A Home Equity Conversion Mortgage. 

  • If you are 62 or older

  • If you don’t want to make required monthly mortgage payments

  • If you are planning on living in the home for at least several years

  • If you are interested in a flexible line of credit that is available when you need it

 For many people, a Home Equity Conversion Mortgage (HECM)—often referred to as a reverse mortgage—has clear-cut advantages over a home equity line of credit (HELOC)

 No Monthly Repayments

The reverse mortgage requires no monthly mortgage payments, and borrowers have the option to prepay at any time without a penalty. By contrast, borrowers with a HELOC must pay back any money borrowed, plus interest, within the repayment period—requiring monthly payments that can grow over time. Some HELOCs even have prepayment penalties. With the HECM, the loan plus interest is paid back only when the borrower stops living in the home, sells, or does not meet terms of the loan.1

 Flexibility

With a reverse mortgage you have the option to receive the proceeds from the HECM as a line of credit, regular monthly payments, a lump sum, or any combination of these choices.

 No Annual Fee

The reverse mortgage requires no annual fee to maintain the line and no termination fee.
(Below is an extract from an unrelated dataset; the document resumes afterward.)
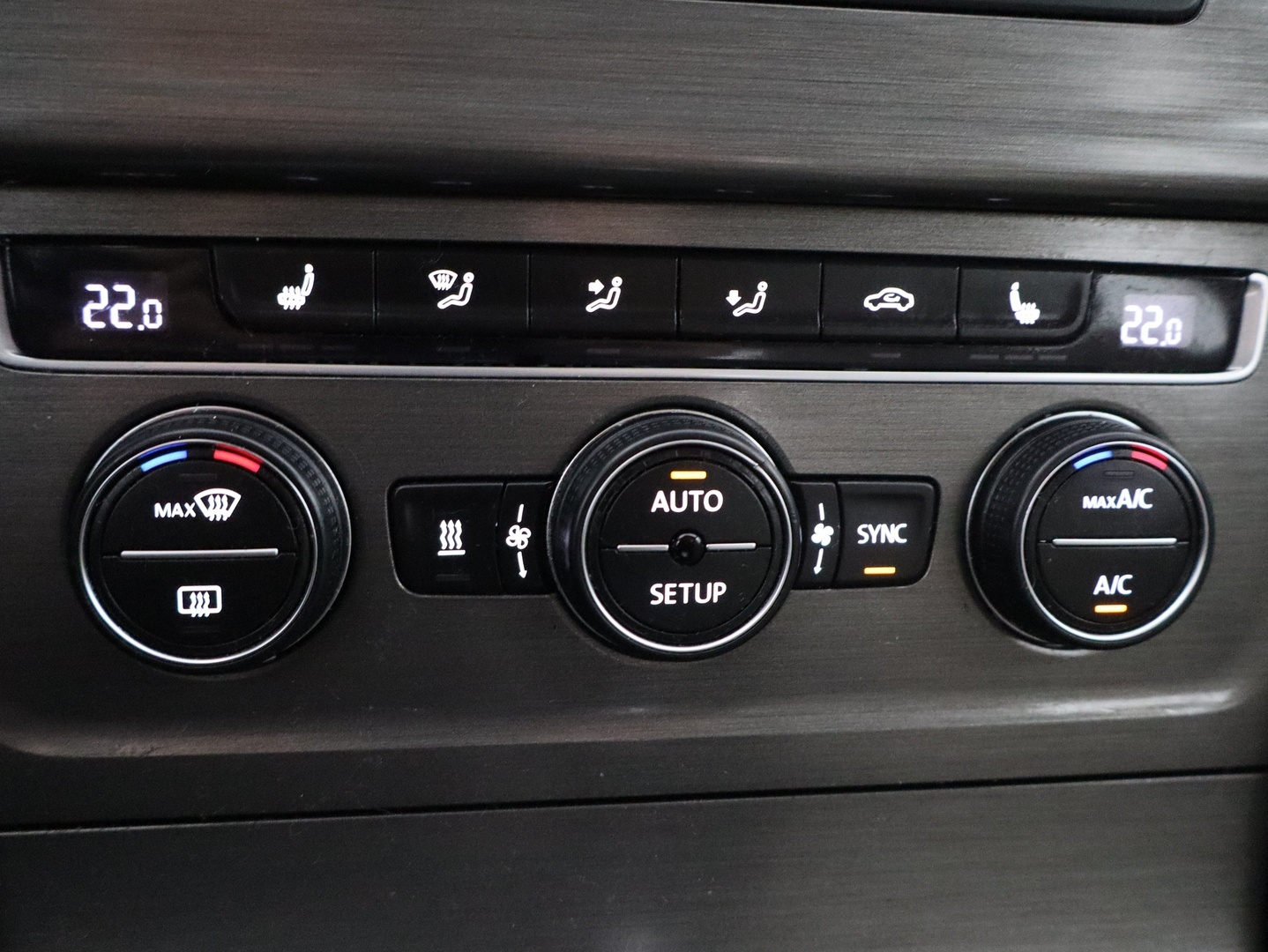 VOLKSWAGEN Golf 2013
With a HELOC there can be an annual fee and a termination fee that can be hundreds of dollars over the life of the loan.

 A Line of Credit That Grows

The unused portion of the HECM credit line grows over time, will stay open and available when needed and cannot be canceled or reduced, as long as you meet the terms of the loan.1 With a HELOC the lender can reduce or cancel the line of credit at any time. Lenders often reduce or cancel HELOCs if home values fall, if there is a recession, or if the HELOC is unused, even if the borrower makes all the payments. Taking out a HELOC is not always the most reliable option.

 FHA Insurance

HECM reverse mortgages require a mortgage insurance premium (MIP) to be insured by the Federal Housing Administration (FHA). Because of this insurance, these loans are “non-recourse,” which means when your home is sold to repay the loan, neither you nor your heirs will be required to repay more than the sale price of the home, no matter how long you live in the home.